This may be done either at the level of assay of the appropriate enzymes involved
in the metabolism of key carcinogens or by looking more directly at such DNA
damage as adduct formation or production of double minute chromosomes. Spitz
et al[39] have recently reported that patients with curatively treated upper
aerodigestive cancers whose peripheral lymphocytes were hypersensitive to in
vitro mutation induction by bleomycin had a significantly higher incidence of
synchronous or metachronous second primary malignancies than those with lower
mutagen sensitivity. Mutagen sensitivity did not correlate with age, sex, smoking
status, or tumor stage. It will be important to verify this finding and extend
such studies to prospective monitoring of populations at high risk of developing
their first malignancy. The ability to use an easily obtained and renewable
tissue such as peripheral lymphocytes facilitates tests of this sort for both
the individual patient and the longitudinal studies should there be concern
about changes in mutagen sensitivity over time.[40]

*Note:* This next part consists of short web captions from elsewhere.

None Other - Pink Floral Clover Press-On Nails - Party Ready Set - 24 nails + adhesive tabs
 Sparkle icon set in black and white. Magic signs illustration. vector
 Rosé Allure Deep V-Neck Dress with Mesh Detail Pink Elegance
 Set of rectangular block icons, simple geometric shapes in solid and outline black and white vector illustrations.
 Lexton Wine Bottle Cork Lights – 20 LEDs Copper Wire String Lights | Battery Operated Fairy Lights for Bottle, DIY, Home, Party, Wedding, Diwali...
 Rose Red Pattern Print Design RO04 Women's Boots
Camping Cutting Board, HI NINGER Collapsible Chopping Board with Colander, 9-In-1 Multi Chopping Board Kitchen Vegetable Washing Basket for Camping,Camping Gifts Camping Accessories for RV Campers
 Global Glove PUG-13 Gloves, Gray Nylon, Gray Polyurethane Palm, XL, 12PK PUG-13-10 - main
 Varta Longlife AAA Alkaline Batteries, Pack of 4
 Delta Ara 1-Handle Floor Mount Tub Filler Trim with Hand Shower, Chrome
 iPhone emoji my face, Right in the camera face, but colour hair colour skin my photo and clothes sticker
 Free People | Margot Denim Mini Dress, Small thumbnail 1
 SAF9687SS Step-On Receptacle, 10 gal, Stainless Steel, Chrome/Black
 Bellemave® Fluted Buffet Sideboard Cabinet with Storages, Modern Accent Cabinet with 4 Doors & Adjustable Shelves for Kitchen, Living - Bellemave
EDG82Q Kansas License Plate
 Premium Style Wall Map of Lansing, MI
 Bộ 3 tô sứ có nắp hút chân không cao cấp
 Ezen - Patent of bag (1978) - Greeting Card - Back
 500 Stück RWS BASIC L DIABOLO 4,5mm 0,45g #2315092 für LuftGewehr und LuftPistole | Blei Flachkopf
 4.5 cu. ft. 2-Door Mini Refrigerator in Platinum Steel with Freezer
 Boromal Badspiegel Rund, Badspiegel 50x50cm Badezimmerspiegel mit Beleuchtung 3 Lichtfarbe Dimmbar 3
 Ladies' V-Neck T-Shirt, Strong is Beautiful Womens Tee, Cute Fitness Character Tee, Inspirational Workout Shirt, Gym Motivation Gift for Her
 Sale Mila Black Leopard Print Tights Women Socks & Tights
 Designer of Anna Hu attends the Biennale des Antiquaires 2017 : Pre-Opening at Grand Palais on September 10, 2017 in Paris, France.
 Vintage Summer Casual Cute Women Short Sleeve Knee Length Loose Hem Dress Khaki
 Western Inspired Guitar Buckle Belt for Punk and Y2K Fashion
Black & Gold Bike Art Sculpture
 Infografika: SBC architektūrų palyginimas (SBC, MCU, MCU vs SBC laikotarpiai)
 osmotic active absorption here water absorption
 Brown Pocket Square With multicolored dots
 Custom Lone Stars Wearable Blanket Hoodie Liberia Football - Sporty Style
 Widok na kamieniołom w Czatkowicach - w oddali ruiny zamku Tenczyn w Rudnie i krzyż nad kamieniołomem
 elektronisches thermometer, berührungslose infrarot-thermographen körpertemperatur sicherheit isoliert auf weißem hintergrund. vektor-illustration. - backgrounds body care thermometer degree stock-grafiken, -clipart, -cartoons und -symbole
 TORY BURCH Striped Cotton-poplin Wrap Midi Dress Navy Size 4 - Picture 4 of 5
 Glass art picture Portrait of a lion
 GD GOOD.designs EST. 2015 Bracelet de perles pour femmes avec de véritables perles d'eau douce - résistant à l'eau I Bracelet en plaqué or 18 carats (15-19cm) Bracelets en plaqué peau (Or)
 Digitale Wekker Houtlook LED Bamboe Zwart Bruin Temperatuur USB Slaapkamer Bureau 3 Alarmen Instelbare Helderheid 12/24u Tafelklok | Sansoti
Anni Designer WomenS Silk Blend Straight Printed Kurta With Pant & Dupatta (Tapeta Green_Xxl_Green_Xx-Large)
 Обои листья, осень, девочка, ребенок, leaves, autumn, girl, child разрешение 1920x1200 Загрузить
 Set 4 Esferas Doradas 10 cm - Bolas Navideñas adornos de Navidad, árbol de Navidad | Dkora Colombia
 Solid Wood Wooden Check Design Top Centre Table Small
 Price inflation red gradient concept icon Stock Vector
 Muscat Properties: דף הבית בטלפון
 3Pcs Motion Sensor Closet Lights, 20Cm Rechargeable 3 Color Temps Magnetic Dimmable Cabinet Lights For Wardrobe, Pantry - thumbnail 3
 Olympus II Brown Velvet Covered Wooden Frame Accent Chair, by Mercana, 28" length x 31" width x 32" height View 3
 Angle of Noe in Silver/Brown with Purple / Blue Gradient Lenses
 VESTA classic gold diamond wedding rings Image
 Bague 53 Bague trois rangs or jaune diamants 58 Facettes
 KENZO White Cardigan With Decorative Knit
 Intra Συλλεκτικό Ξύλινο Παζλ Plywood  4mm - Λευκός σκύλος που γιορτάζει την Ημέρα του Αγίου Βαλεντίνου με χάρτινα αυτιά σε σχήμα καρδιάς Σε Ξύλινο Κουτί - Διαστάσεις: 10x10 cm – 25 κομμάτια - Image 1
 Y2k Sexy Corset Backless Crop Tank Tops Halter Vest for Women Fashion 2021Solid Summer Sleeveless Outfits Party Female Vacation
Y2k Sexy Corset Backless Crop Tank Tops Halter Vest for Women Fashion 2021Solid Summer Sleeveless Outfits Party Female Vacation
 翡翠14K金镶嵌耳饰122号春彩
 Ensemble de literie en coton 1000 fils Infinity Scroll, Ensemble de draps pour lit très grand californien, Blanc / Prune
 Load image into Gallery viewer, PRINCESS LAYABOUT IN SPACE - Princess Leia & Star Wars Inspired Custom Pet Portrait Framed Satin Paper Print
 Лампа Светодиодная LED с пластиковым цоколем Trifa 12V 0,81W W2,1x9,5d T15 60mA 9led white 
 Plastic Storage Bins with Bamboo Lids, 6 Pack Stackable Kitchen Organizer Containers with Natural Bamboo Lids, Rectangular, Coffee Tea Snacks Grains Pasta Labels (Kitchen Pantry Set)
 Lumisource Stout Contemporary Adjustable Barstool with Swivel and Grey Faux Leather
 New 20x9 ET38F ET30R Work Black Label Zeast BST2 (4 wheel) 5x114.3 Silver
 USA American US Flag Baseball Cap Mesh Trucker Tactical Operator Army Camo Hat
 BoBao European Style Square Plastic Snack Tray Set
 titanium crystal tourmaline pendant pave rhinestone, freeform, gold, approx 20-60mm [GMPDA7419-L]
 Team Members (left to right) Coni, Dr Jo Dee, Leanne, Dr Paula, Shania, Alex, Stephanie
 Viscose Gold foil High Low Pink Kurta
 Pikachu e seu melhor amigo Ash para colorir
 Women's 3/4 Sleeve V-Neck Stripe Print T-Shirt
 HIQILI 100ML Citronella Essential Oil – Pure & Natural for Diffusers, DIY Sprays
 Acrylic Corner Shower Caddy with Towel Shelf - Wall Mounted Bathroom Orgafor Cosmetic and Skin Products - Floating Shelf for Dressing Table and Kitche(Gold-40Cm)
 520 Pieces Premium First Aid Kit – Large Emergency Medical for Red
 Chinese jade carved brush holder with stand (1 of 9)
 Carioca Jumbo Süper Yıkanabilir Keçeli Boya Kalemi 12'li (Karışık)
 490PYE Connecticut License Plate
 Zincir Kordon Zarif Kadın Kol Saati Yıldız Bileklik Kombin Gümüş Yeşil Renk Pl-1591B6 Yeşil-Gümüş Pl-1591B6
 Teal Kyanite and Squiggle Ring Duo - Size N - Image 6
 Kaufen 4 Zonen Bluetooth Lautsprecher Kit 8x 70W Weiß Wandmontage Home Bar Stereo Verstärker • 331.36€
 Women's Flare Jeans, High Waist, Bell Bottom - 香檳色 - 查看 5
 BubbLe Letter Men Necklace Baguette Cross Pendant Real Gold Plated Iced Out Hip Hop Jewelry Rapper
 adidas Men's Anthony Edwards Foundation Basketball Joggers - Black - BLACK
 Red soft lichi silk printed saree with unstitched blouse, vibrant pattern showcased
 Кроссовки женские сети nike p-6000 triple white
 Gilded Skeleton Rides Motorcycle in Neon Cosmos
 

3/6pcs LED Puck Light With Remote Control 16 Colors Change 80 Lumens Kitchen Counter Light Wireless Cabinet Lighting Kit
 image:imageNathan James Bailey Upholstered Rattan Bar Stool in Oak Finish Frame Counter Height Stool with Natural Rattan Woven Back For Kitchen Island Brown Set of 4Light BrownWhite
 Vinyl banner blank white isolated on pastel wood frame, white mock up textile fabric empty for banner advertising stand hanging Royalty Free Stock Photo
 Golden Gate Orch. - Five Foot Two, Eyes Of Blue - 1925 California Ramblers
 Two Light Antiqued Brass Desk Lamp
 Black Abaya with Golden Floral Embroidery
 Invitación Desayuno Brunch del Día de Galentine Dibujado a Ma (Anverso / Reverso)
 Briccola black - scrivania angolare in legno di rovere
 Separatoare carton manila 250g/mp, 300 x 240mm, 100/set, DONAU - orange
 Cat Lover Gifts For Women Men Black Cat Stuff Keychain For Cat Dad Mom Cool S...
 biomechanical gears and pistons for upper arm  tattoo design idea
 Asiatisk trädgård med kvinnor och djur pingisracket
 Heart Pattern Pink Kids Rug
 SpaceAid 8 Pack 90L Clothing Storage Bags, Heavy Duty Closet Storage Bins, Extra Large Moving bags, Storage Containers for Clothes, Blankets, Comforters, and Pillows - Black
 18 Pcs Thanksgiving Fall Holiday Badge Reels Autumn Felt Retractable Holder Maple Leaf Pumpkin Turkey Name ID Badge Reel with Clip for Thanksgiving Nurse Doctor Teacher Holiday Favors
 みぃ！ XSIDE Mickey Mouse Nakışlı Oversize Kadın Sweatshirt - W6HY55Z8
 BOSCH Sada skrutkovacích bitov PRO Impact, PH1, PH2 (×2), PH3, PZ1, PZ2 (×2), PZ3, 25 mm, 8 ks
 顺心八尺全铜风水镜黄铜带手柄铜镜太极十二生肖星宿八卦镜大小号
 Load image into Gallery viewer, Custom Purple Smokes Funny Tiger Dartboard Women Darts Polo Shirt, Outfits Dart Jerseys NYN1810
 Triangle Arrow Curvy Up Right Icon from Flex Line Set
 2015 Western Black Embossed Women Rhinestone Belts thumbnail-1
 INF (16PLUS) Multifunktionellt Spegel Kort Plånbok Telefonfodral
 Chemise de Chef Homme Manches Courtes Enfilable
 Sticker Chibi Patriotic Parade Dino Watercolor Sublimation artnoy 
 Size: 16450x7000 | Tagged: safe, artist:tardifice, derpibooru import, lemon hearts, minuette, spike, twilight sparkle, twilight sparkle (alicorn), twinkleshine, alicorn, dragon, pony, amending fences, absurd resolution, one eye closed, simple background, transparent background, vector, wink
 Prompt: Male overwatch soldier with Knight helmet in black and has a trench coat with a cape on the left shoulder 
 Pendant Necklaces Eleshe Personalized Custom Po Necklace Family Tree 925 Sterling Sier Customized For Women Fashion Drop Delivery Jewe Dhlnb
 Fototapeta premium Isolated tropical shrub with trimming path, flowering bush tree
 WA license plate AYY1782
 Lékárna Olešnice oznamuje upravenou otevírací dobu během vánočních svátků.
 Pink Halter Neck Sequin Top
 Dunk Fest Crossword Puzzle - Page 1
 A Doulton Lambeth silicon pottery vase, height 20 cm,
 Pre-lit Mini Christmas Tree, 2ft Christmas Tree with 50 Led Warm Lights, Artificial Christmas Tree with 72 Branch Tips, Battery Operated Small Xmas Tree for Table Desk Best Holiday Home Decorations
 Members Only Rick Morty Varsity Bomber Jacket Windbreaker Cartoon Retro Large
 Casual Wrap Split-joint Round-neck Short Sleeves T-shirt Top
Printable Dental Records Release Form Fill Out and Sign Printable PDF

A further approach to defining
individuals at high risk will be to identify those genetic changes that may
facilitate the occurrence, retention, or misrepair of somatic mutations independently
from exposure to exogenous mutagens. The delineation of the mutator phenotype
and its role in the development of human colorectal adenocarcinoma, as well
as evidence that the frequency of occurrence and the efficiency of repair of
various types of p53 mutations are important in their transforming ability,
suggest that this may be a useful approach. Such changes may antedate more specific
changes in the activation of oncogenes or tumor suppressor gene inactivation
and may provide a simpler unitary point of intervention for prevention strategies.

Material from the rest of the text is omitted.